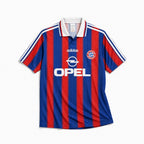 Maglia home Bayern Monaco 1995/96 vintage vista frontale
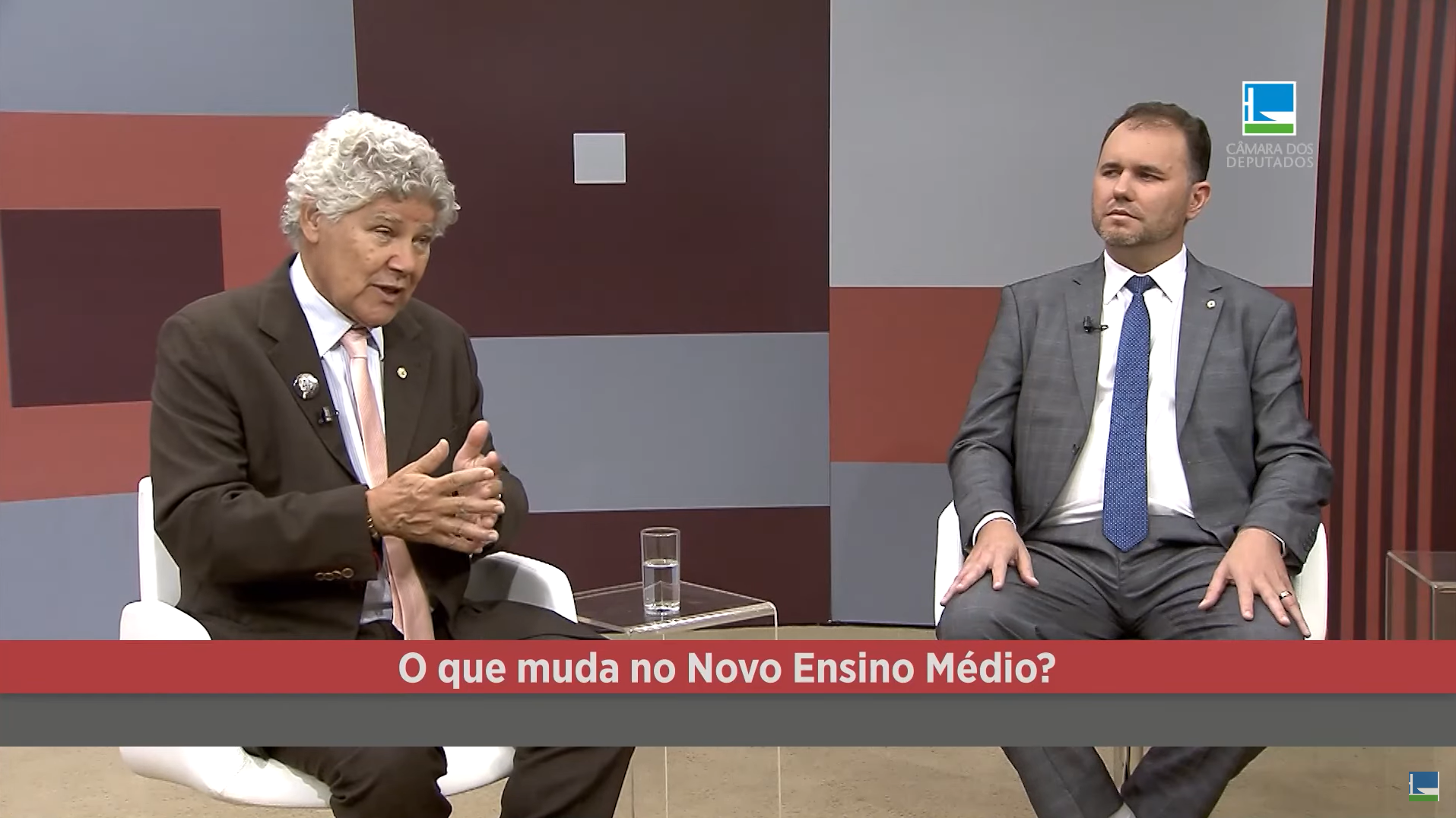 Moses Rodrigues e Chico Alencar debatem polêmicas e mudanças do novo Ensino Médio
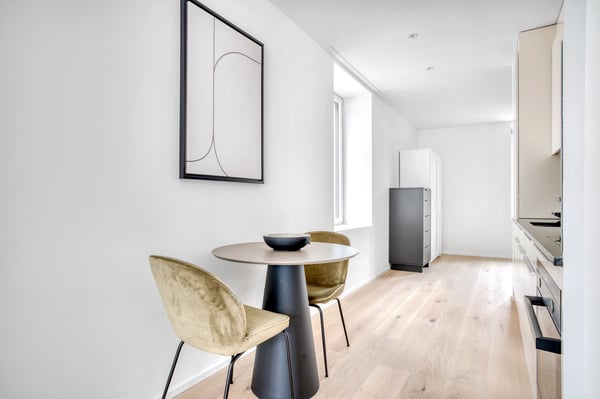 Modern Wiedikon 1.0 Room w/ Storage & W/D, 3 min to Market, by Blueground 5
# # #
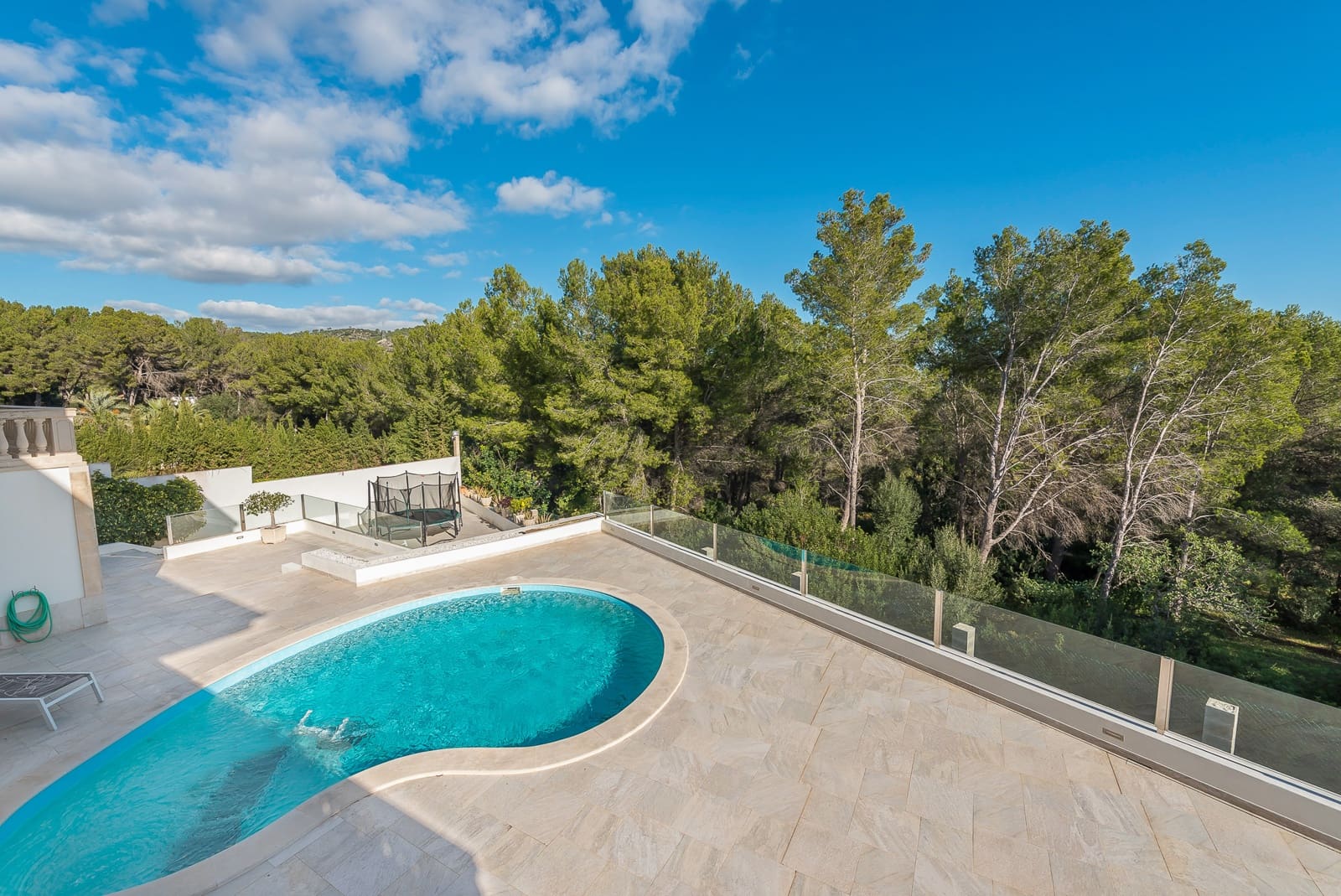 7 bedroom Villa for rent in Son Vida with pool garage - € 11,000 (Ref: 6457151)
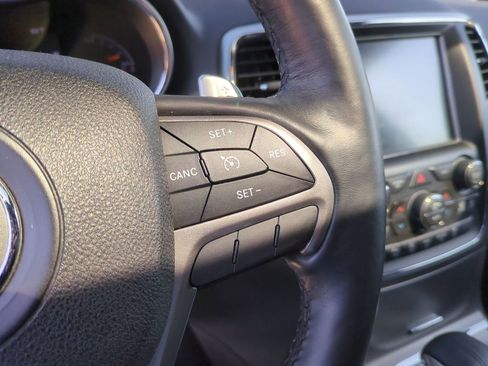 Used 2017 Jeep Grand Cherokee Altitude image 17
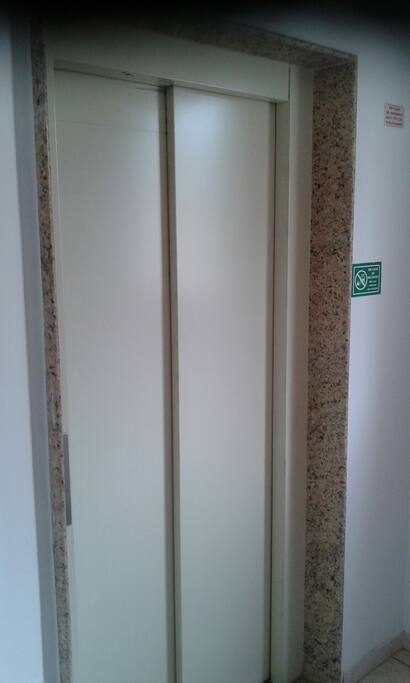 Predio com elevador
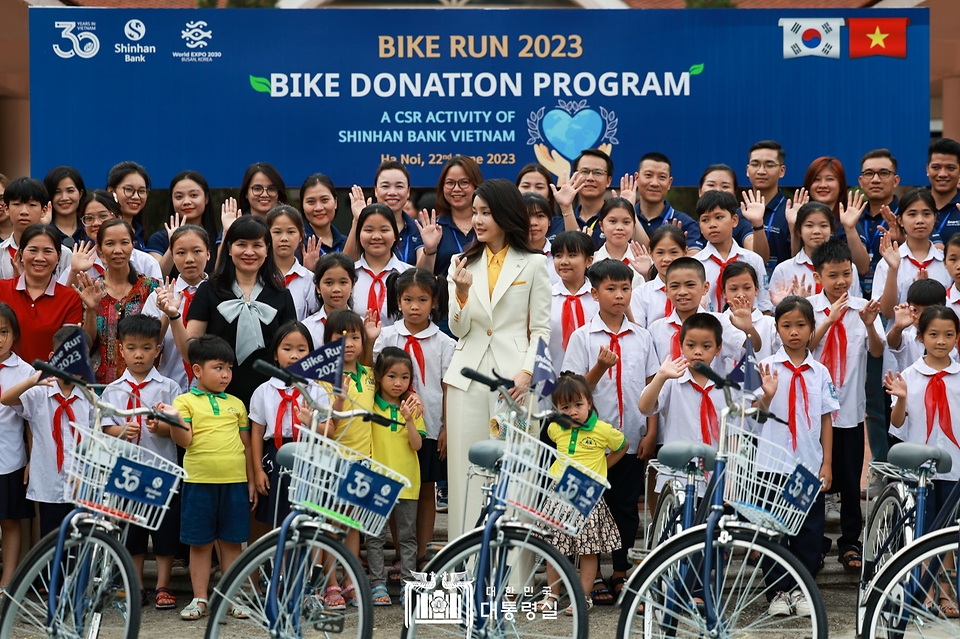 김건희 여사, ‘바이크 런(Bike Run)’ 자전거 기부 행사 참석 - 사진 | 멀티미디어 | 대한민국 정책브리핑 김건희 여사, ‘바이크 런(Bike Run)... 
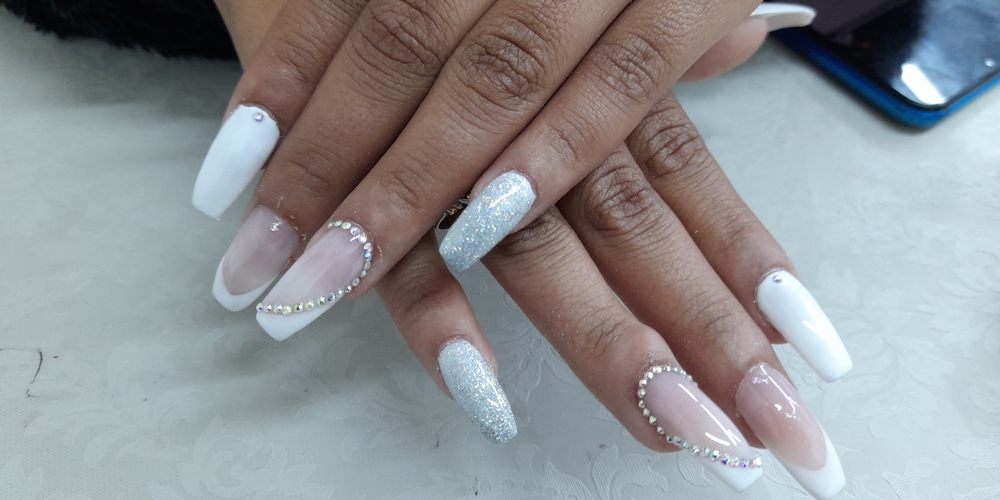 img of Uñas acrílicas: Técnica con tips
# # #
* _WHAT THE EXERCISE ASKS_:
Output exactly the lines above, beginning at the one with "Used 2017 Jeep" and stopping after the one with "img of Uñas acrílicas: Técnica con tips". Pictures are to be omitted.

* _EXERCISE RESULT_:
 Used 2017 Jeep Grand Cherokee Altitude image 17
 Predio com elevador
 김건희 여사, ‘바이크 런(Bike Run)’ 자전거 기부 행사 참석 - 사진 | 멀티미디어 | 대한민국 정책브리핑 김건희 여사, ‘바이크 런(Bike Run)... 
 img of Uñas acrílicas: Técnica con tips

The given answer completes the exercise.